Environment: JACKSON 2.8.10 with Spring boot 1.5.10.RELEASE
In a JSON request I receive the following:
{
total: 103
}
In other cases the total might be with decimal precision for example: 103.25. I would like to be able to handle both cases using JACKSON
In my Java, I would like to read this 103 into a double as such:
Configuration conf = Configuration.builder().mappingProvider(new JacksonMappingProvider())
.jsonProvider(new JacksonJsonProvider()).build();
Object rawJson = conf.jsonProvider().parse(payload);
double listPrice = JsonPath.read(rawJson, "$.total")
But then I receive the following error:
Java.lang.Integer cannot be cast to java.lang.Double.
Is there a way to handle the case above without doing string/mathematical manipulations?
Is there a way to handle the case above without doing string/mathematical manipulations?
This should do it.
Configuration conf = Configuration.builder()
.mappingProvider(new JacksonMappingProvider())
.jsonProvider(new JacksonJsonProvider())
.build();
Object rawJson = conf.jsonProvider().parse(payload);
Object rawListPrice = JsonPath.read(rawJson, "$.total");
double listPrice;
if (rawListPrice instanceOf Double) {
listPrice = (Double) rawListPrice;
} else if (rawListPrice instanceOf Integer) {
listPrice = (Integer) rawListPrice;
} else {
throw new MyRuntimeException("unexpected type: " + rawListPrice.getClass());
}
If you are going to do this repeatedly, create a method ...

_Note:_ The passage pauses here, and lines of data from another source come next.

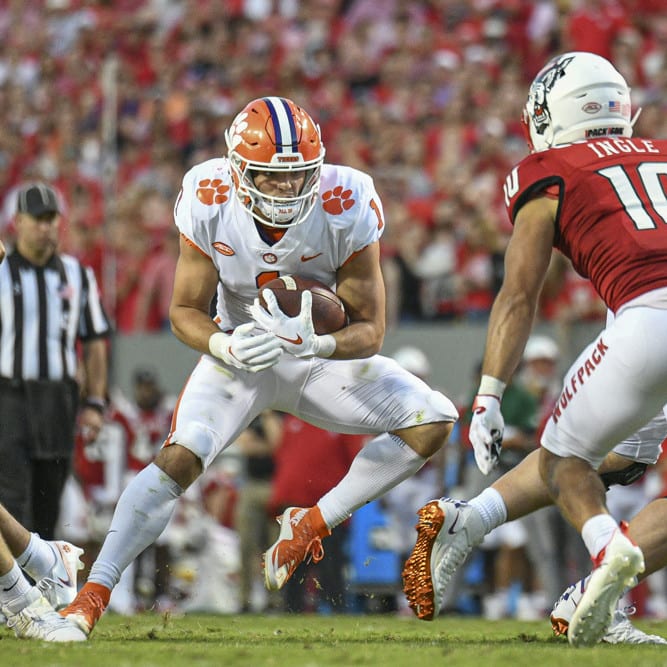 Notre Dame vs. Clemson Betting Odds, Picks, and Predictions for Week 10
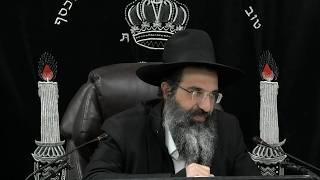 הלכות שבת - ער' - דיני שיתוף בעירוב | אורח חיים - סימן שפו | חלק 684 | הרב שי עובד (הרב שי עובד) - התמונה מוצגת ישירות מתוך אתר האינטרנט יוטיוב. זכויות היוצרים בתמונה שייכות ליוצרה. קישור קרדיט למקור התוכן נמצא בתוך דף הסרטון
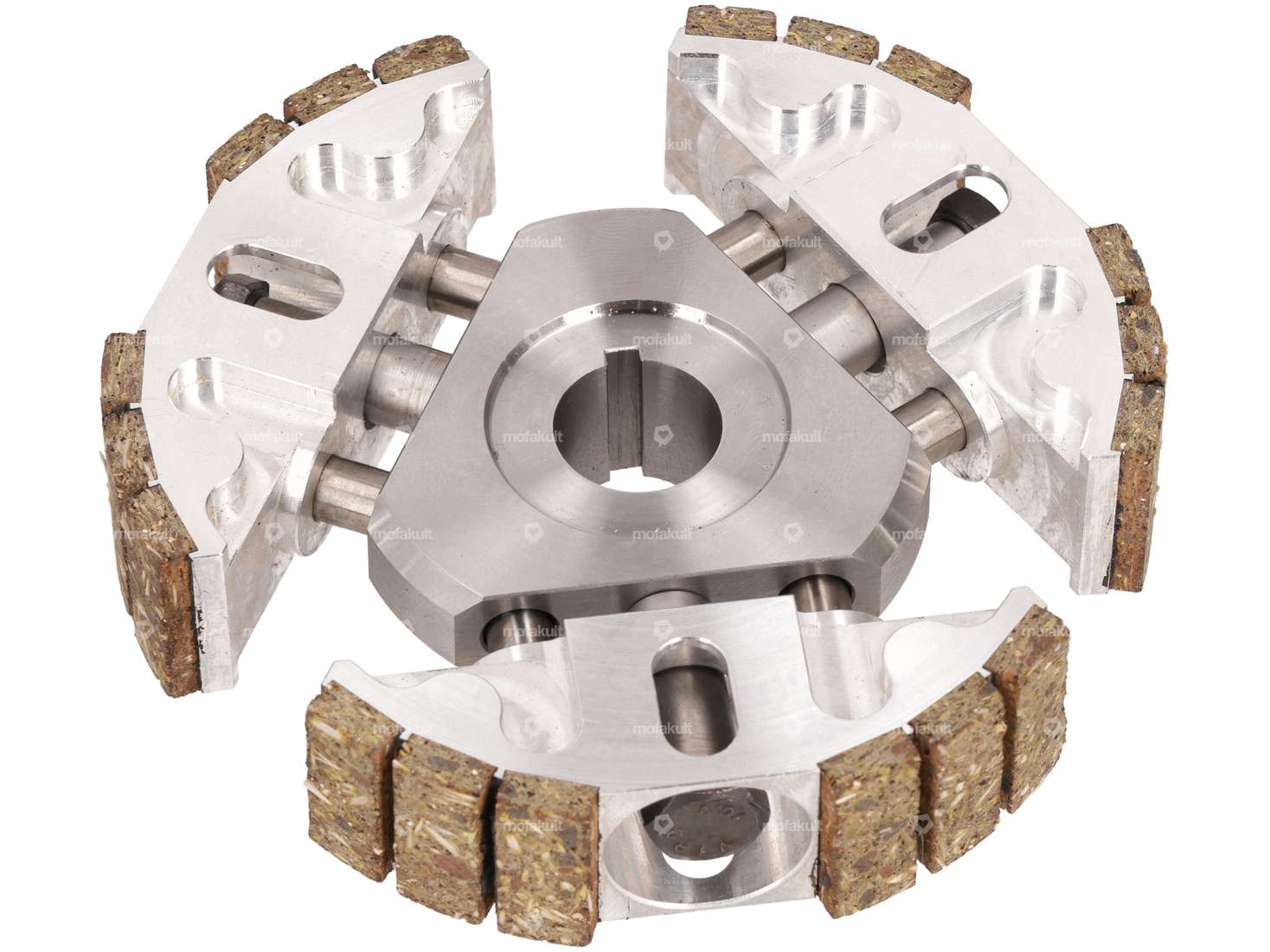 HRT Clutch KTM SX50 | Puch E50 Carousel Image 2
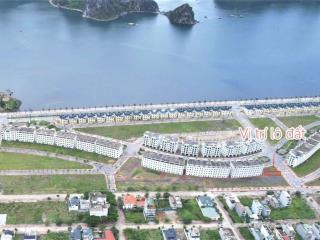 Cần tiền bán gấp lô đất nền ven biển cẩm phả dự án green dragon city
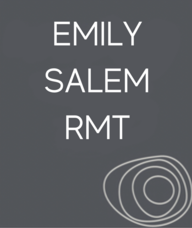 Book an Appointment with Emily Salem for Registered Massage Therapy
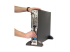 SUM1500RMXL2U - APC Smart-UPS XL Modular 1500VA - Back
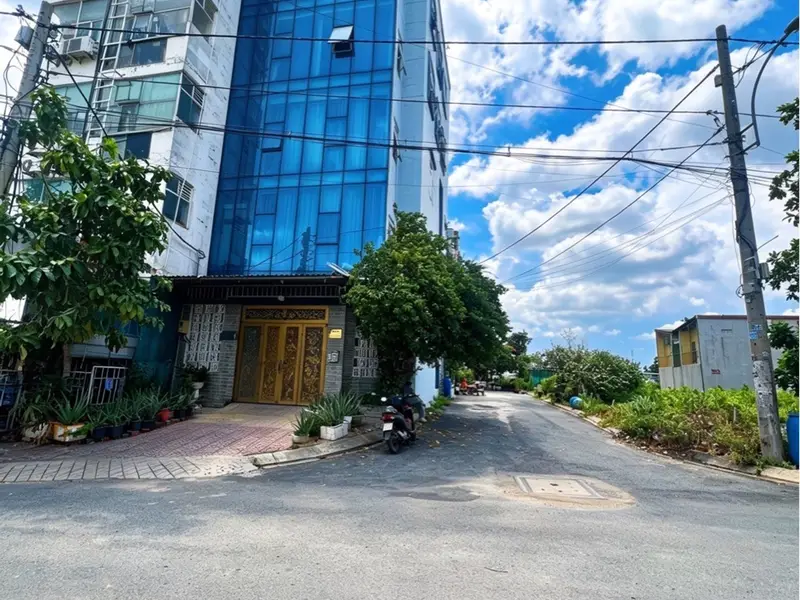 Bán nhà 6 tầng Mặt tiền đường an phú đông 13 phường AN PHÚ ĐÔNG Quan 12, DT96m² 7*13 giá 12,7ty... Bán nhà mặt phố tại An Phú Đông, Hồ Chí Minh 01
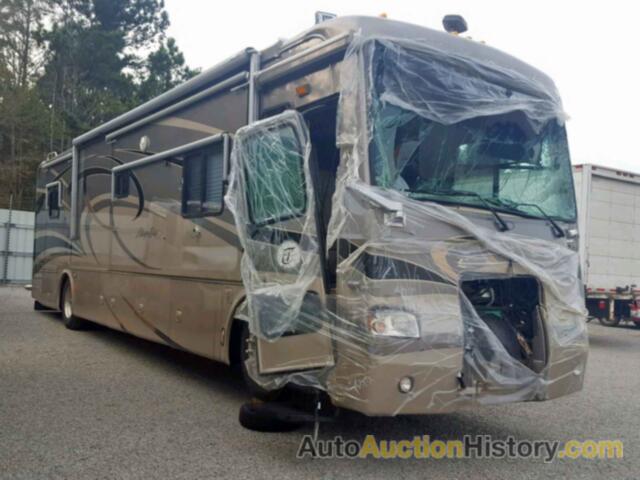 2006 FREIGHTLINER CHASSIS X LINE MOTOR HOME, 4UZACHCY46CW29923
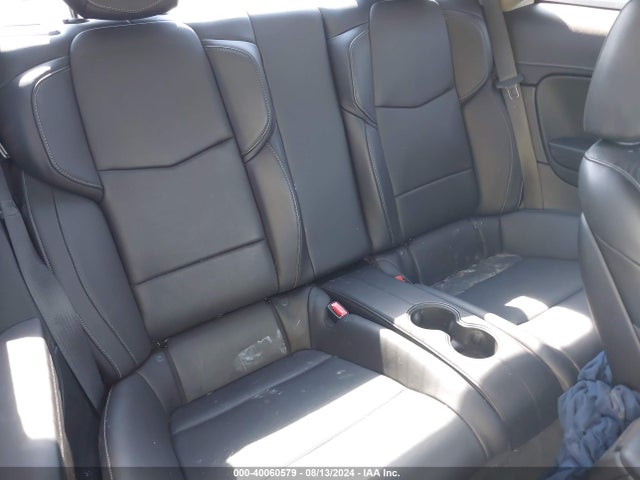 1G6AH1RX8G0163592 Cadillac Ats Luxury Collection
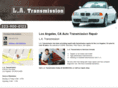 latransmissionservice.com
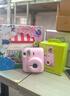 INSTAX富士instax立拍立得 一次成像相机 mini12（mini11升级款）浅樱粉 实拍图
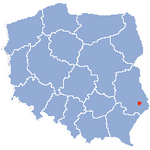 Musterstadt in Kleinpolen (Polen)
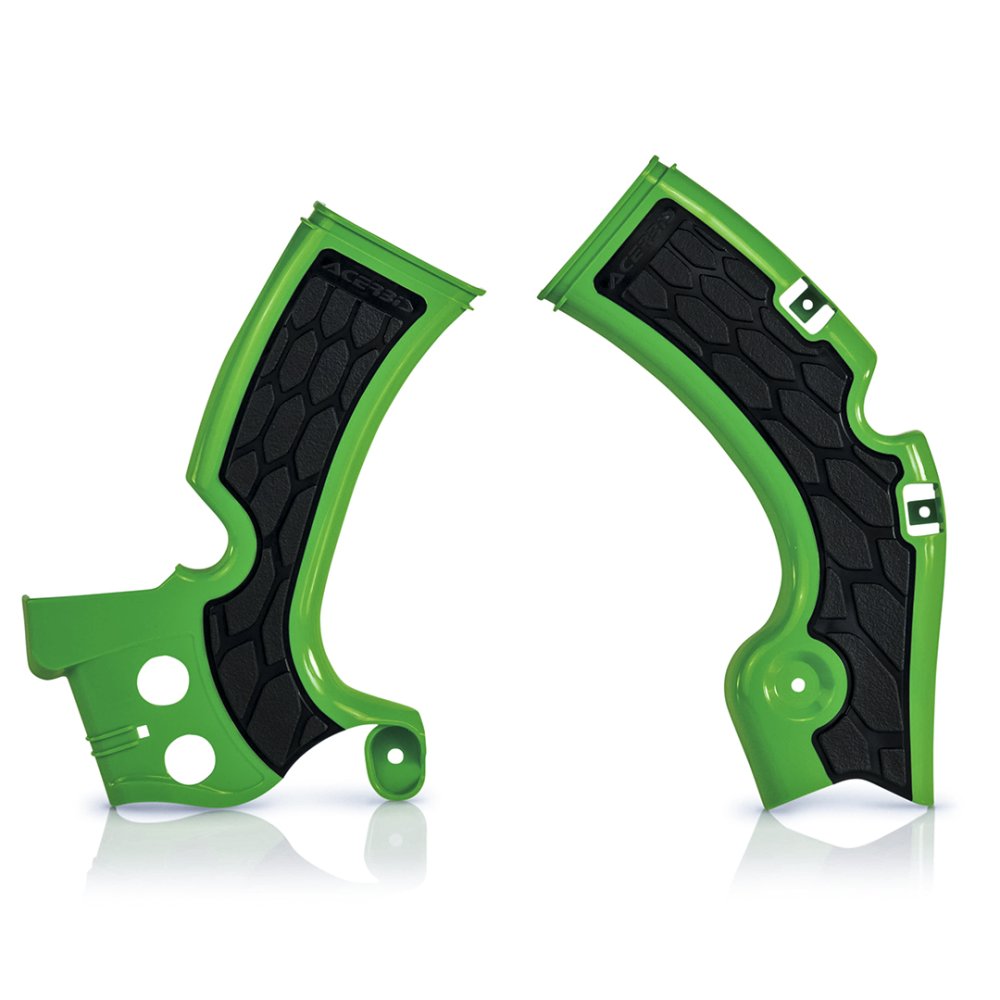 Protectores chasis Acerbis X-Grip Kawasaki KX 450 F 09-18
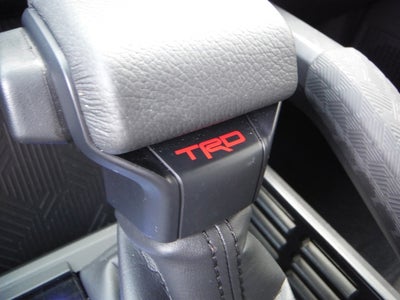 2025 Toyota Tacoma 4WD TRD Off-Road
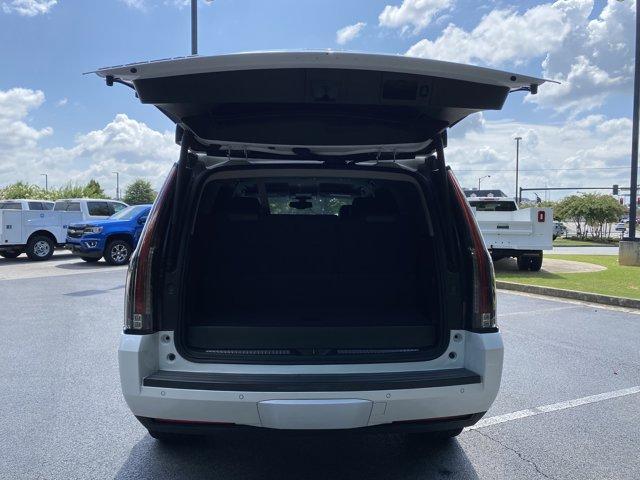 used 2017 Cadillac Escalade car, priced at $28,679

public double toDouble(Object number) {
if (number instanceof Double) {
return (Double) number;
} else if (number instanceof Integer) {
return (Integer) number;
} else {
throw new MyRuntimeException("unexpected type: " + number.getClass());
}
}
The root cause of the exception is that the return type of JsonPath.read is an unconstrained type parameter. The compiler infers it to be whatever the call site expects, and adds a hidden typecast to ensure that the actual value returned has the expected type.
The problem arises when the JsonPath.read could actually return multiple types in a single call. The compiler has no way of knowing what could be returned ... or how to convert it.
Solution: take care of the conversion with some runtime type checking.
Here is another solution that should work:
double listPrice = ((Number) JsonPath.read(rawJson, "$.total")).doubleValue();
... modulo that you will still get an ClassCastException if the value for "total" in the JSON is (say) a String.